Goal of the exercise: Extract the run of lines that starts at the top of the records below and ends at the line with "Implantation en chambre", keeping both ends and excluding pictures.

╔══

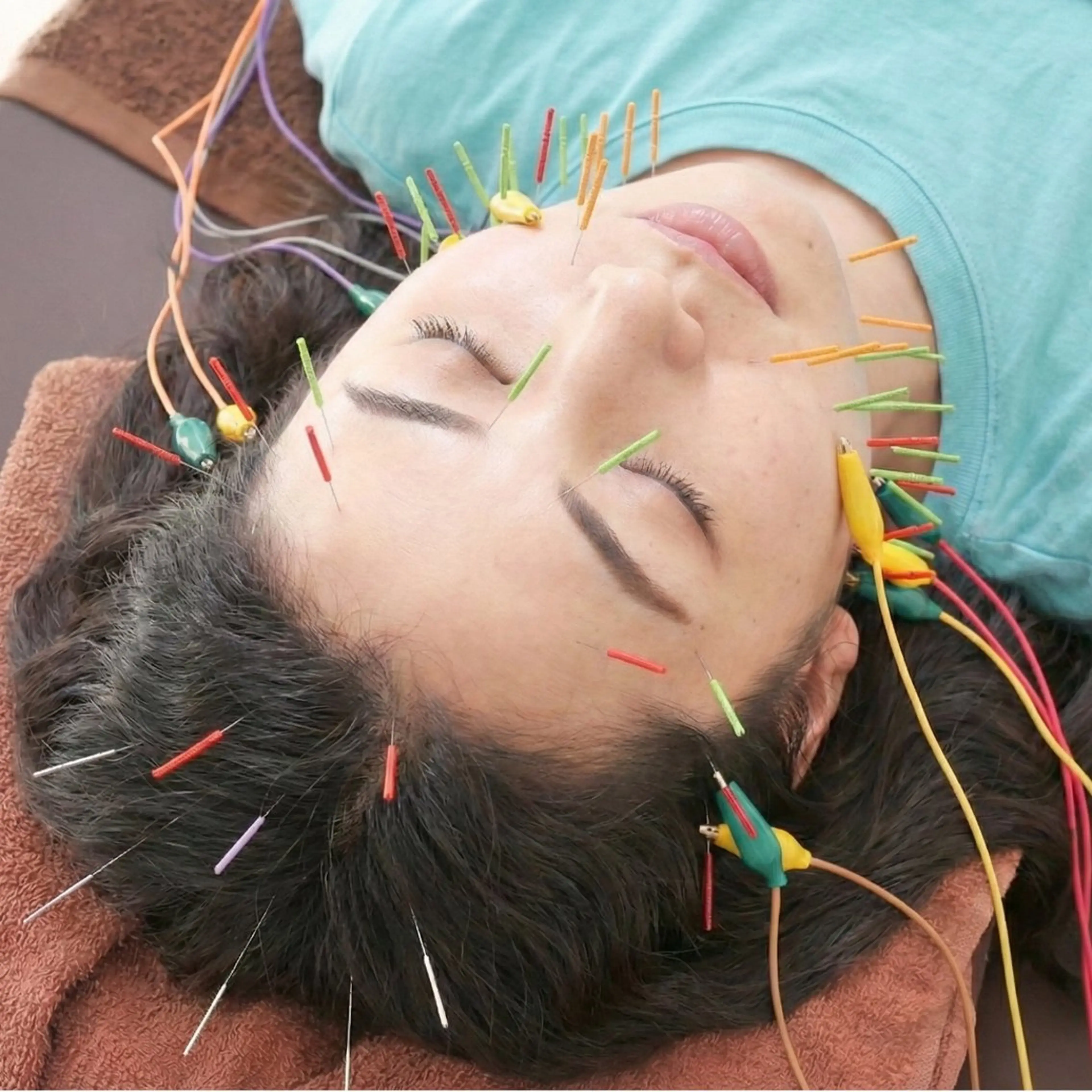 美容鍼DAZZLE マスザキのエステ・リラクイメージ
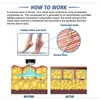 Shockwave Therapy Machine Body Dual Linear Shockwave Machine Electromagnetic Shockwave Therapy Shock Wave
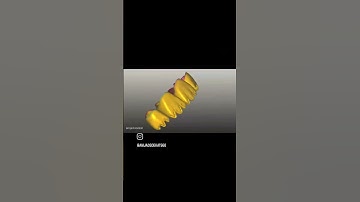 #shorts #2022 #dentist #photography #exocad #teeth #zirkonzahn #veneer #smile #اكسبلور #bhfyp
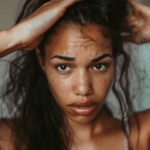 How Stress and Anxiety Cause Hair Loss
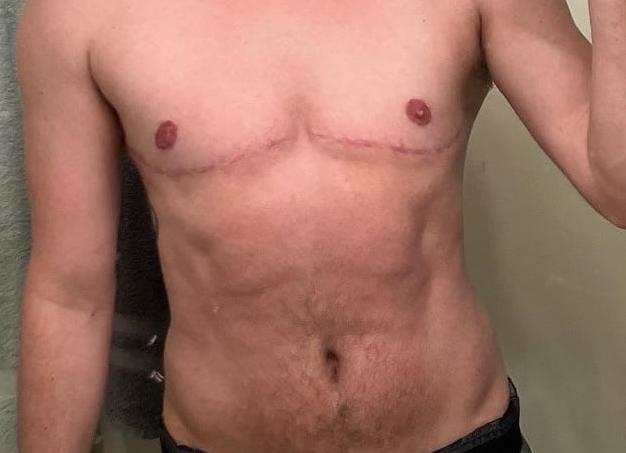 Что происходит в первую неделю после зачатия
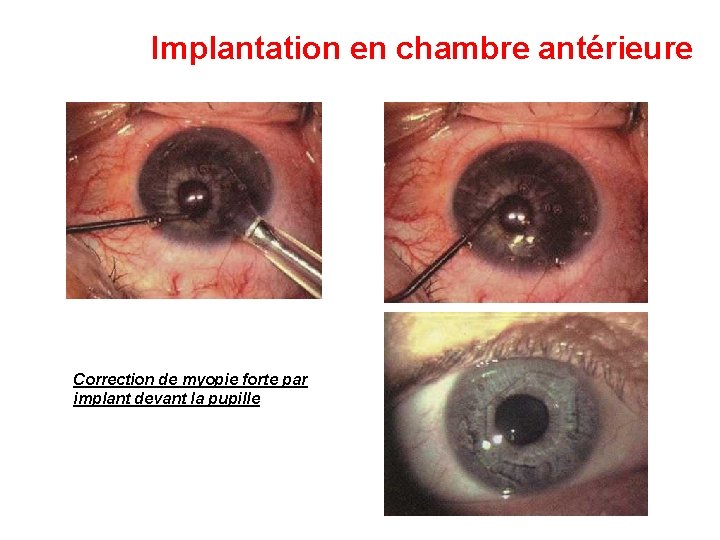 Implantation en chambre antérieure Correction de myopie forte par implant devant la pupille 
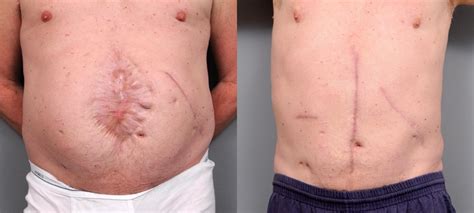 Appendix Scar Removal Before And After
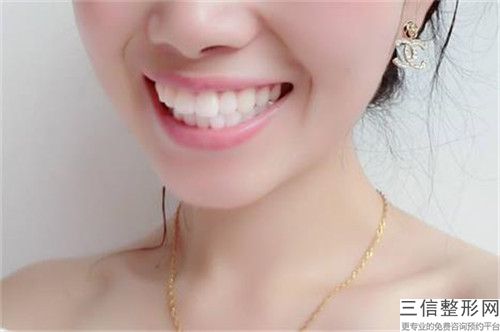 揭陽玻璃離子粘牙冠的禁忌人群及后恢復(fù)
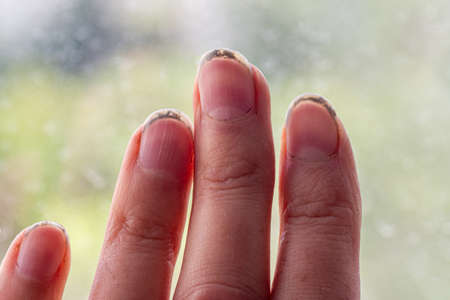 Close-up of a female caucasian hand with dirty brittle nails, broken nails on a natural green...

╚══

Output below:
 美容鍼DAZZLE マスザキのエステ・リラクイメージ
 Shockwave Therapy Machine Body Dual Linear Shockwave Machine Electromagnetic Shockwave Therapy Shock Wave
 #shorts #2022 #dentist #photography #exocad #teeth #zirkonzahn #veneer #smile #اكسبلور #bhfyp
 How Stress and Anxiety Cause Hair Loss
 Что происходит в первую неделю после зачатия
 Implantation en chambre antérieure Correction de myopie forte par implant devant la pupille 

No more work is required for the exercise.